§ The data
········

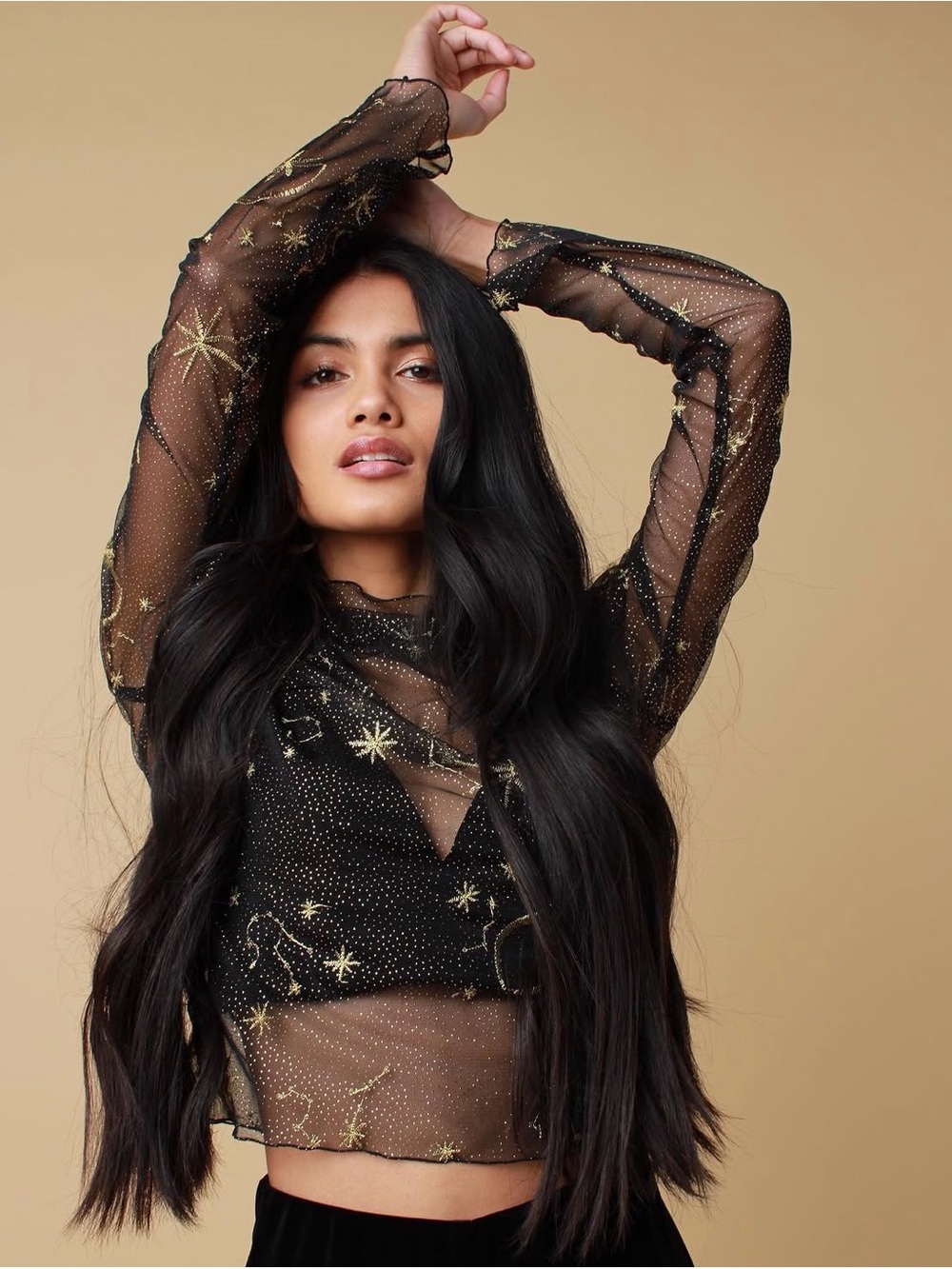 Celestial Embroidered Sheer Top - Black and Gold (UK brand)
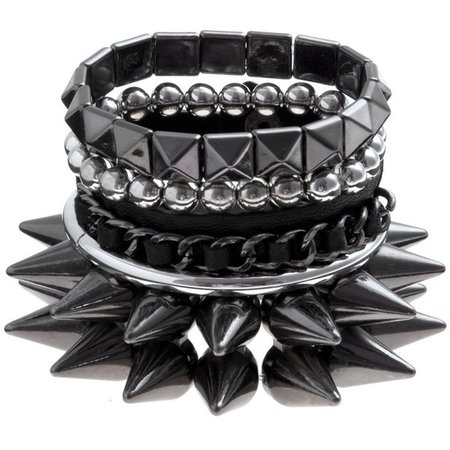 Black Goth Spiked Bracelet Set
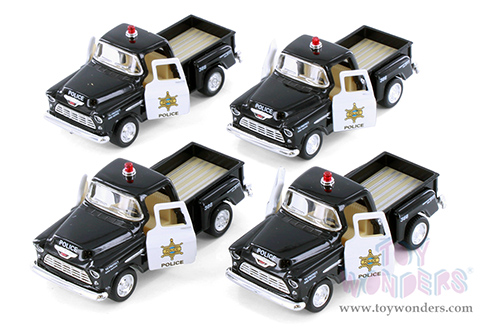 3002DP Kinsmart 1955 Chevy Stepside Pickup Truck Police Diecast Model Car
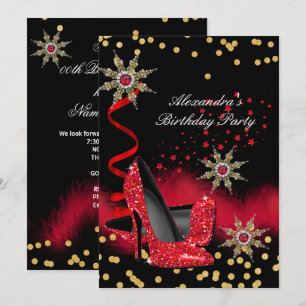 Invitation Escarpins rouges pailletés Fête d'anniversaire noi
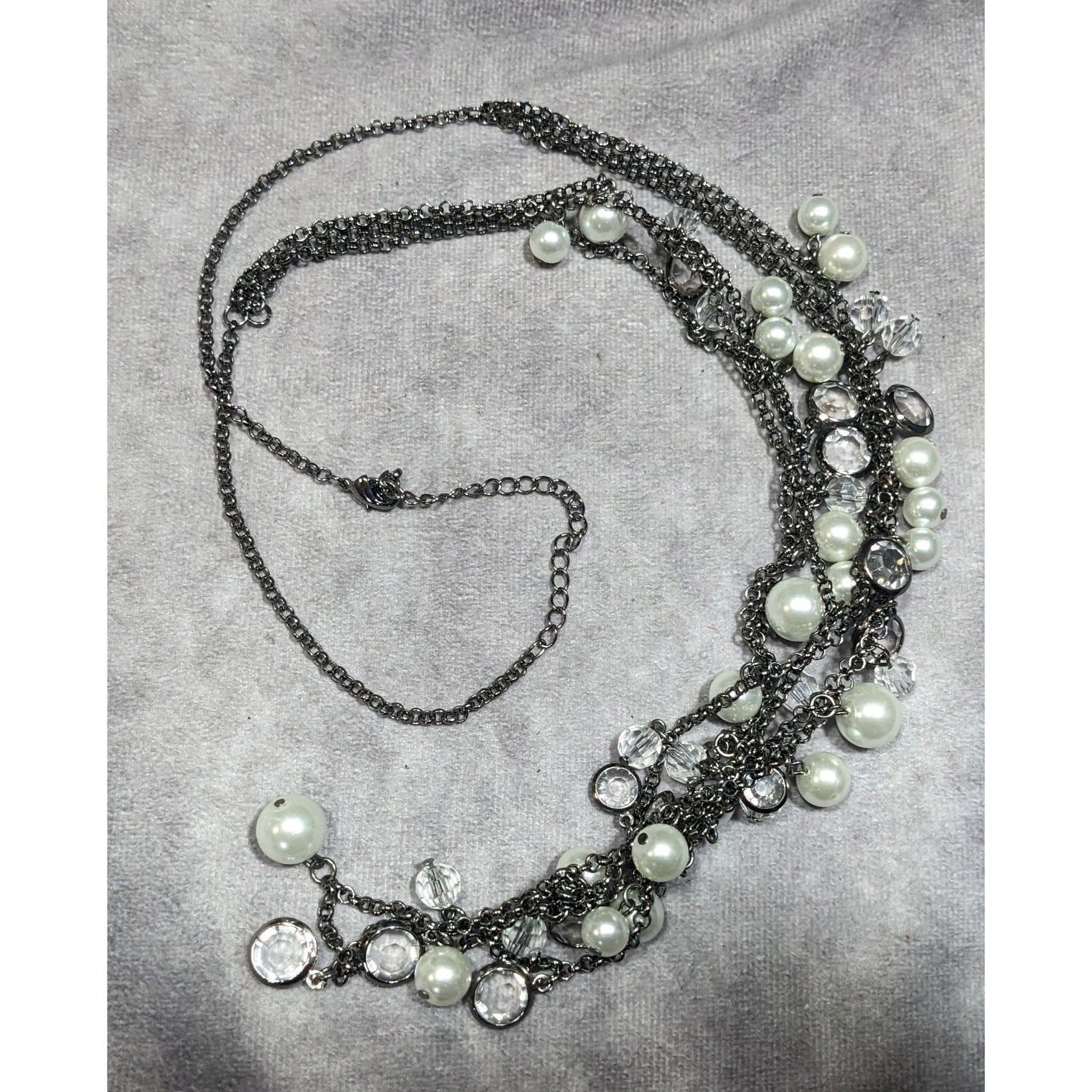 Glam Goth Faux Pearl And Gem Accent Multilayer Necklace
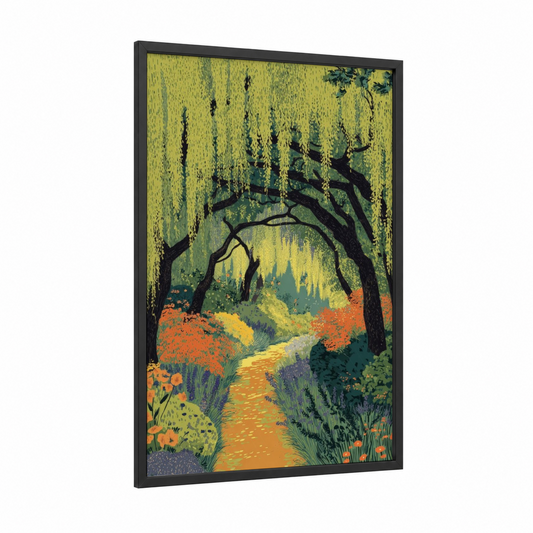 Wisteria Archway framed art print — black wood frame — lime green and orange palette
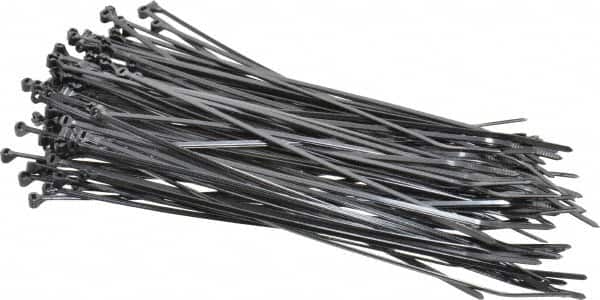 Thomas & Betts - 7" Long Black Nylon Standard Cable Tie - 18 Lb Tensile Strength, 1.1mm Thick, 38.1mm Max Bundle Diam - Americas Industrial Supply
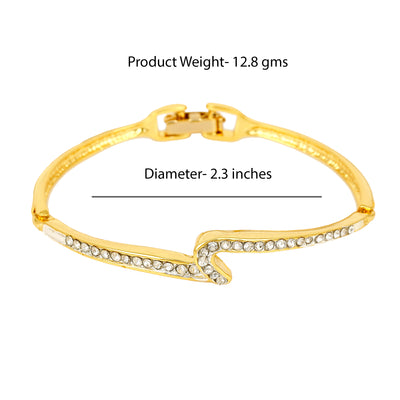 Estele 24Kt Gold Plated Shining Thunder Bracelet with Austrian Crystals for Women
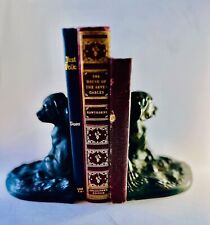 Antique Puppies 2 PC Pair Bookends Spelter Metal, Antique Bronzed Black Color picture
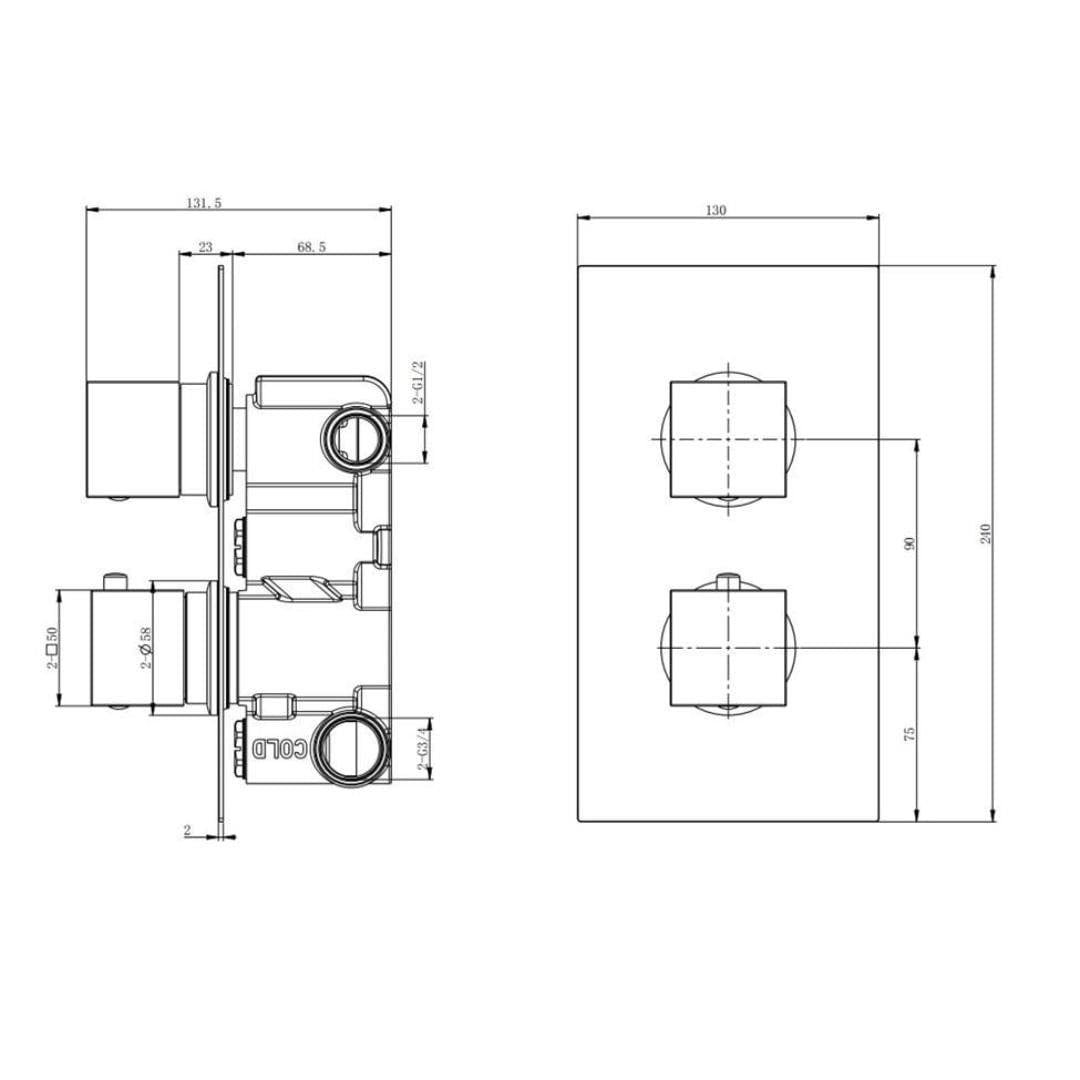 Aquarius Bathrooms Concealed Shower Valve Aquarius RainLux Square 2 Outlet Concealed Shower Valve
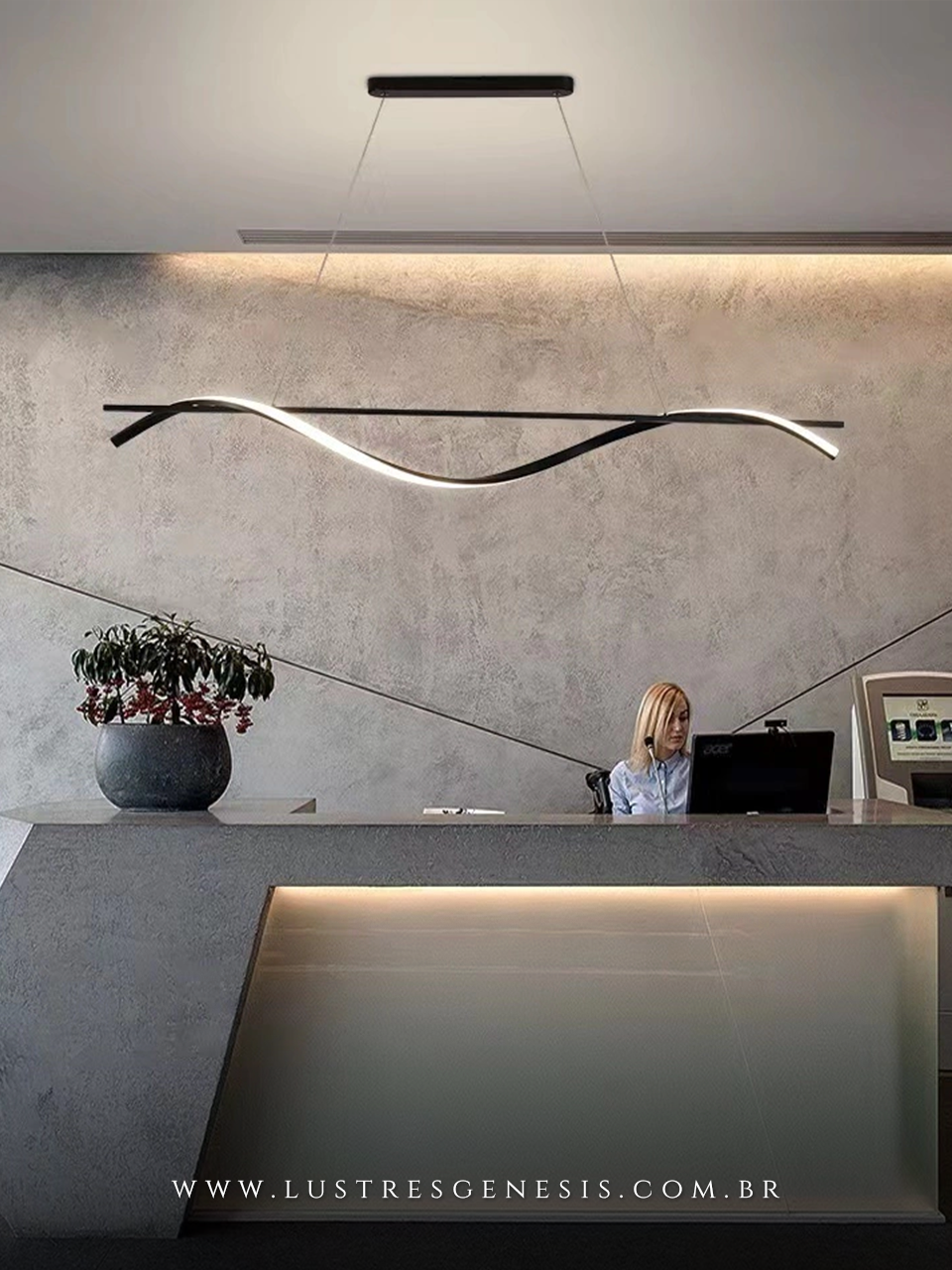 Lustre pendente de LED moderno Ballet preto, design elegante e minimalista, ideal para sala de jantar, quartos, sala de estar, escrit&oacute;rios e apartamentos.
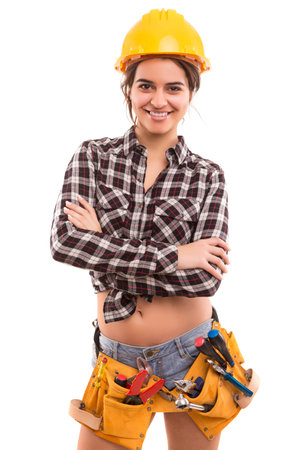 Sexy young woman construction worker の写真素材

········

§ What you have to do
Everything from the line containing "Antique Puppies 2" through the last line of the listing above must be output exactly, except the pictures.

§ Expected answer
 Antique Puppies 2 PC Pair Bookends Spelter Metal, Antique Bronzed Black Color picture
 Aquarius Bathrooms Concealed Shower Valve Aquarius RainLux Square 2 Outlet Concealed Shower Valve
 Lustre pendente de LED moderno Ballet preto, design elegante e minimalista, ideal para sala de jantar, quartos, sala de estar, escrit&oacute;rios e apartamentos.
 Sexy young woman construction worker の写真素材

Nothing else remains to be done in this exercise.